Having presented my reasons for the federalist shift while also addressing contrarian views, I also propose that the Constitutional Commission scrutinizes, adapts, and includes the American government’s model---in full or, at least, in part.  If only in part, I propose a few particular safeguards be assimilated into the new Philippine constitution.  In the meantime, it seems appropriate to scrutinize my reasons for including the U.S. model in making the transition to federalism.

Best Ideas

First and foremost, America’s republic is comprised of the best historical ideas.  Indeed, the founders scrutinized the governing systems of the predominant Western civilizations---ancient and contemporary.  These include Greece, Rome, France, and England from which the founders derived the concepts of liberty, justice, trial by jury, separation of powers, democracy, republicanism, and self-government.  The founders meticulously studied the rise and fall of tyrannical governments in those nations, as well as their own experience with King George III in framing a constitution which would preclude such occurrences in the U.S.
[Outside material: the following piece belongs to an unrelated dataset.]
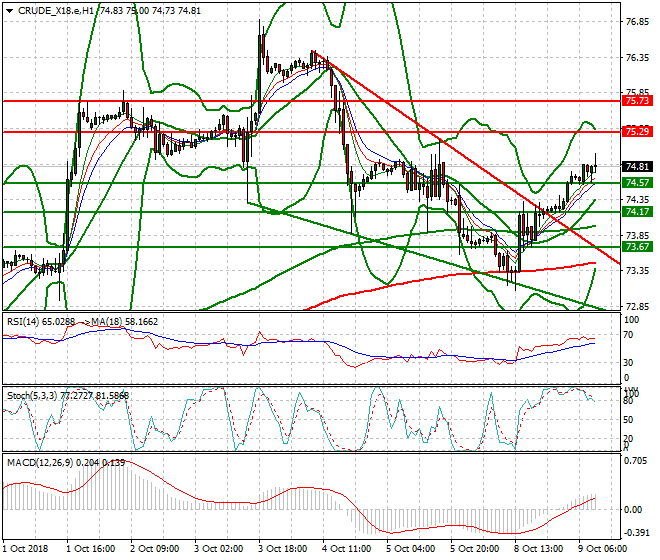 WTI Crude Mid-day Analysis 09 Oct 2018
Preexisting Government Infrastructure

Second, since the Philippine government was largely framed after the U.S. government, the familiar preexisting federal infrastructure or apparatus of the separate executive, legislative, and judicial branches facilitates a more congenial transition to federalism much more so than abolishing it as parliamentary government advocates and proponents of PDP-Laban Federalism Institute’s model seek to do.  Even the anti-colonialist Delegate Manuel Roxas defended the ratification of the 1935 Constitution (although it is a gross variation of America’s original constitution):

Why have we preferred the Government established under this draft?  Because it is the Government with which we are familiar.  It is the form of government fundamentally such as it exists today; it is the only kind of government we have found to be in consonance with our experience, and with the necessary modification capable of permitting a fair play of social forces and allowing the people to conduct the presidential system.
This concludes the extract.